Vertical Markets

Social media users and scams

by Mark Rowe

Social media users are seriously underestimating their chances of falling victim to online fraud and suffering devastating emotional and financial consequences because tech giants are not doing enough to warn and protect them, the consumer campaign group Which? is warning.

Its latest research using an online community of Facebook users showed that a majority were lulled into a false sense of security by the platform’s social nature. They mistakenly assumed they could spot fraud and that the company’s systems would protect them effectively. Which? found a third of participants did not know that fake products might be advertised on the site – putting them at risk of falling victim to purchase scams. A quarter did not spot an investment scam advert with a fake endorsement from a celebrity.

Which?’s report suggests that regularly encountering content that platform users dislike has been normalised, ‘becoming viewed as part and parcel of using social media. As such, users often meet it with resigned acceptance and there is some evidence to suggest that exposure to suspect content builds a sense of complacency’.

Which? is calling on the Department for Digital, Culture, Media and Sport (DCMS) to include online scams in its upcoming Online Harms Bill.
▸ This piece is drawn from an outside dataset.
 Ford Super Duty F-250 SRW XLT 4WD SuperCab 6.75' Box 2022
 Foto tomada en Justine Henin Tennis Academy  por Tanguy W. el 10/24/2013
The campaigners ask that ‘platforms should also be made legally responsible for the design of their systems to prevent illegal activities, including scams and fraud’; and ‘a legal requirement for transparency about illegal activity on their sites and to report to relevant regulators and law enforcement bodies should also be applied to platforms’.

Which? carried out research with an online community of Facebook users over 10 days, and also conducted a nationally representative online survey including 1,700 Facebook users, as part of its new policy report ‘Connecting the world to fraudsters? Protecting social media users from scams’.

The research found that older social media users are often more concerned about scams, and perceived as being at greater risk by their fellow users. But the findings suggested that younger people may actually be more susceptible to scams as they are more persuadable and more likely to take risks, such as taking part in online shopping and quizzes used by some fraudsters.

Rocio Concha, Director of Policy and Advocacy at Which?, said: “The financial and emotional toll of scams can be devastating and it is clear that social media firms such as Facebook are failing to step up and properly protect users from fraudsters on their sites.

“The time for serious action on online scams is now. If the government doesn’t grasp the opportunity to deliver this in the upcoming online harms bill, it must urgently come forward with new proposals to stem the growing tide of sophisticated scams by criminals online.”

As for Facebook’s scam ad reporting tool (arising from a legal settlement with Martin Lewis), the researchers found that online users ‘lacked motivation to use the tool for reasons including doubts about the usefulness of reporting suspicious content due to a lack of confidence that reports would be acted upon’.

Read more at https://www.which.co.uk/policy/digitisation/6514/connectingfraudsters.

Facebook told Which? that globally it has over 35,000 people at work on online safety and security, and is spending on AI and machine learning. In June, it launched a UK Scam Ad Alert system with the Advertising Standards Authority (ASA) to help tackle scam ads.